A Geometric Perspective on Self-Supervised Policy Adaptation

TL;DR

This paper introduces a geometric framework for long-term self-supervised policy adaptation in reinforcement learning, addressing real-world distractions and improving generalization through manifold manipulation.

Contribution

It presents a novel geometric perspective on self-supervised RL adaptation, analyzing embedding space dynamics and proposing methods to enhance long-term policy robustness.

Findings

Embedding space processes can negatively impact performance and can be mitigated.

Manipulating the geometry of actor and critic manifolds improves generalization.

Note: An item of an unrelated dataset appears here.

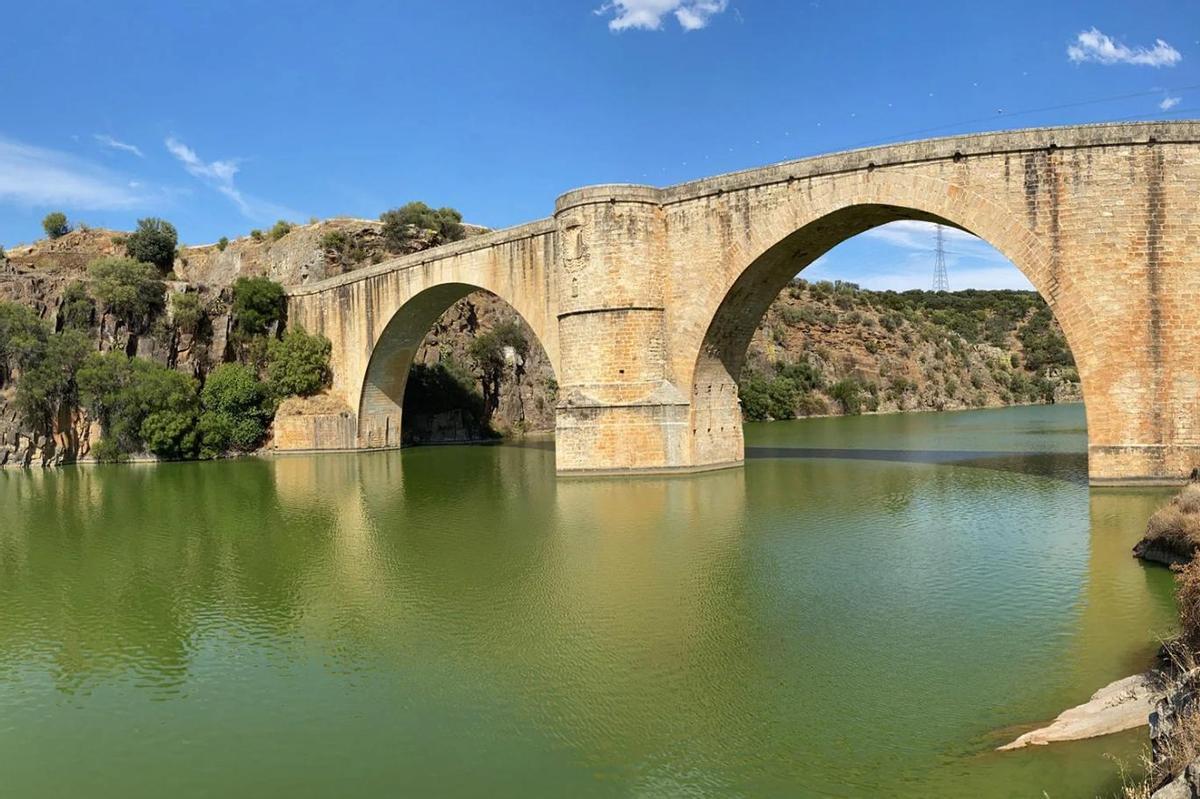 Puente sobre el río Almonte.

Theoretical insights into actor-based and actor-free agent adaptation.

Abstract

One of the most challenging aspects of real-world reinforcement learning (RL) is the multitude of unpredictable and ever-changing distractions that could divert an agent from what was tasked to do in its training environment. While an agent could learn from reward signals to ignore them, the complexity of the real-world can make rewards hard to acquire, or, at best, extremely sparse. A recent class of self-supervised methods have shown promise that reward-free adaptation under challenging distractions is possible. However, previous work focused on a short one-episode adaptation setting. In this paper, we consider a long-term adaptation setup that is more akin to the specifics of the real-world and propose a geometric perspective on self-supervised adaptation. We empirically describe the processes that take place in the embedding space during this adaptation process, reveal some of its undesirable effects on performance and show how they can be eliminated. Moreover, we theoretically study how actor-based and actor-free agents can further generalise to the target environment by manipulating the geometry of the manifolds described by the actor and critic functions.